| Work instruction |
Identify the line in which "BARE BARREL® Mixology" appears, then reproduce that line and all remaining lines of the records word for word.

| Supplied information |

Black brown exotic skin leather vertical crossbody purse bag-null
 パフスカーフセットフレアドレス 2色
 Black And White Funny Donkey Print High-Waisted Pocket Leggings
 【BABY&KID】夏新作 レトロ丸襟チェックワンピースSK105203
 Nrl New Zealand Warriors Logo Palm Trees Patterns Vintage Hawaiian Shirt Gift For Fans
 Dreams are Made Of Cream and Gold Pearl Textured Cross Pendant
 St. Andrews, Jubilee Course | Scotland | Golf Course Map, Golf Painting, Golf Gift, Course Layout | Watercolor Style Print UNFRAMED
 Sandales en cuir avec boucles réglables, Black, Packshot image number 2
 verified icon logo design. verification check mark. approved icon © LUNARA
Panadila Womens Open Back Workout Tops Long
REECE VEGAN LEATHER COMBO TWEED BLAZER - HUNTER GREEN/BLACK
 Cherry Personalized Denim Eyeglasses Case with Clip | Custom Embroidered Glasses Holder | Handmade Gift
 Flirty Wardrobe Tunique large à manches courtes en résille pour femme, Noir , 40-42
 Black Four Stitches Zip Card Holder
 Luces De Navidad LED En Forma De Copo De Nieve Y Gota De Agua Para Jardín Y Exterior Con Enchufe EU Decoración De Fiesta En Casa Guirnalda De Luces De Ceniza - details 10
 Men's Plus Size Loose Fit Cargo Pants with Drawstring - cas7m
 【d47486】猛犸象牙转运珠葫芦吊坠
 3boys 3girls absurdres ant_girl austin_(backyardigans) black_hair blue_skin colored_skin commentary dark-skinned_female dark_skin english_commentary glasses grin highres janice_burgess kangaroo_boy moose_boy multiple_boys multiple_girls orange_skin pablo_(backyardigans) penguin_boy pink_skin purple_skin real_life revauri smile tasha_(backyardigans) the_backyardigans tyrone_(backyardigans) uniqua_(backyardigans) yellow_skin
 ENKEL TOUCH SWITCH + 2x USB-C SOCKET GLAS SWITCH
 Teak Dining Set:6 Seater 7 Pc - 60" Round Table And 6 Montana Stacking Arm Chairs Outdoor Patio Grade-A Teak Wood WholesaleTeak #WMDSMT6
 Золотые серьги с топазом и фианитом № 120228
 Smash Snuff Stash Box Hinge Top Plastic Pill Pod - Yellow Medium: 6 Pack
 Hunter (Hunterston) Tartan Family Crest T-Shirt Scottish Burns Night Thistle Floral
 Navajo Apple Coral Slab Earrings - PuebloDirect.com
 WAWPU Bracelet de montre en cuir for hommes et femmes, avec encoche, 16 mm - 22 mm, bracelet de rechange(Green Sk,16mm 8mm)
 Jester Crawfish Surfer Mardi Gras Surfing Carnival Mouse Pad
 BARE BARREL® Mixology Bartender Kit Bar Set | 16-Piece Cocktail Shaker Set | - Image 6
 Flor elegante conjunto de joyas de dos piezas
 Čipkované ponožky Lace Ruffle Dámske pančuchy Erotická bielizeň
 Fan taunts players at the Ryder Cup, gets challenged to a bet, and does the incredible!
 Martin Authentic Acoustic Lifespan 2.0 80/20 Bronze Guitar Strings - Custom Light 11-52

| Exercise response |
 BARE BARREL® Mixology Bartender Kit Bar Set | 16-Piece Cocktail Shaker Set | - Image 6
 Flor elegante conjunto de joyas de dos piezas
 Čipkované ponožky Lace Ruffle Dámske pančuchy Erotická bielizeň
 Fan taunts players at the Ryder Cup, gets challenged to a bet, and does the incredible!
 Martin Authentic Acoustic Lifespan 2.0 80/20 Bronze Guitar Strings - Custom Light 11-52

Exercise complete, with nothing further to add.